Samovar |
El rumor del viento cada vez más fuerte
brindaba esa sensación de frío que hacía arrebujarse en una manta y acercarse
al samovar. Sentados a la mesa, frente a un cenicero de cristal de roca, el
escritor y dramaturgo pensaba que los destellos del mismo iban al unísono de
las voces de Sasha y Kolia.
Hablaban de dinero. Sasha su querido e
inestable hermano daba cuenta de sus tribulaciones. Inteligente, más con ideas
confusas, era un especialista en buscarse problemas. Su hermano Kolia, buen
caricaturista y holgazán, entrelazaba sus quejas sin esperar su turno. Sus
lúcidas mentes nunca les llevaron por un camino de responsabilidad, en su
deambular, hallaron en el vodka mayor satisfacción.

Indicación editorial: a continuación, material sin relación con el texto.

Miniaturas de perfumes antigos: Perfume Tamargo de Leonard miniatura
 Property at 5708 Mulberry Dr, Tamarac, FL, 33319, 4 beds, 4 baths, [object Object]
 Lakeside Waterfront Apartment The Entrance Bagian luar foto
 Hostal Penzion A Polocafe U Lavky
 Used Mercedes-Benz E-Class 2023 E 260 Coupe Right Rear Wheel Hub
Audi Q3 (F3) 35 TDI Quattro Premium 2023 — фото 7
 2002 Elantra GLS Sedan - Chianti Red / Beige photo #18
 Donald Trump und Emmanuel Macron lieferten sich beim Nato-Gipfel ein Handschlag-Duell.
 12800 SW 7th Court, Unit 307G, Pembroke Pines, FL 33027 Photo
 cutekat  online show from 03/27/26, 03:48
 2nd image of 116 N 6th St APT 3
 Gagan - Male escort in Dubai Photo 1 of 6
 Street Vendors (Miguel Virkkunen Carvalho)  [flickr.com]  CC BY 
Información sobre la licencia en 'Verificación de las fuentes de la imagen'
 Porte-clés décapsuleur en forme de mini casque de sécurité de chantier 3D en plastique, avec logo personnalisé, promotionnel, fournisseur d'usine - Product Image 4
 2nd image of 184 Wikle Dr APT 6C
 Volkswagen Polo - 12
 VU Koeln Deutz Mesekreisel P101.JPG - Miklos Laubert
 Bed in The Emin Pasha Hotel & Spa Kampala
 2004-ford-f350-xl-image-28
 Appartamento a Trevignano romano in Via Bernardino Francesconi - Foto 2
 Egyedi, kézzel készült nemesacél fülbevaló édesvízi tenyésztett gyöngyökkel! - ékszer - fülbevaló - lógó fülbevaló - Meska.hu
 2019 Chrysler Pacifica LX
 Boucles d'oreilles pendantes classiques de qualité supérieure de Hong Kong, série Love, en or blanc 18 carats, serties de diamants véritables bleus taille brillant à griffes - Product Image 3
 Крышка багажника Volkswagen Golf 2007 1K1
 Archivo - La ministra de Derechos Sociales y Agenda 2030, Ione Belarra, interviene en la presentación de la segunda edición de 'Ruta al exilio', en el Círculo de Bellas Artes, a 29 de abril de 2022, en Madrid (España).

El guirigay entre los dos hermanos llegó a
su fin, despidiéndose después de haber conseguido lo que habían ido a buscar.
Quedó solo en la estancia. En la cocina se
oían los ruidos habituales, la charla entre Eugenia, su resignada y llorosa
madre y Masha, su absorbente hermana. Su mujer, Olga, se encontraba en San
Petersburgo representando a Nina, la protagonista de una de sus obras. En una
semana estarían juntos. Su recuerdo le hizo sonreír y un halo de tristeza le
inundó por hallarse solo estando rodeado de tantas personas.
Con un suspiró se levantó en busca de papel.
Nada mejor que escribir para ocupar su tiempo.
¿Qué estaría haciendo Olga? Quizás dormía
después de una noche de trabajo, de cenas, de bailes. Terminaba agotada al
tener que acostarse al amanecer. Era una mujer vital, apasionada. Una vez se
enfadó con él cuando la llamó: “Mi fría alemana”. Su mujer le repetía hasta la
saciedad que le amaba. Él sonreía… Y al igual que en sus cuentos no daba la
razón ni la quitaba.
La verdadera pasión de su esposa era el
teatro al que dedicaba más tiempo y esfuerzos. Era joven. Hablaba de
remordimientos por abandonarle durante sus largas temporadas teatrales. Volvió
a sonreír. El papel en blanco esperaba.
Levantó la mirada y sus ojos se posaron en
la repisa donde un sobre llevaba escrito su nombre: Antón Pávlovich Chéjov. Sin
dirección, sin sellos. Los ojos se le iluminaron, había encontrado un tema.
Comenzó a escribir con parsimonia, lo corrigió una y otra vez… para legar al
mundo uno de los cuentos más triste de Navidad.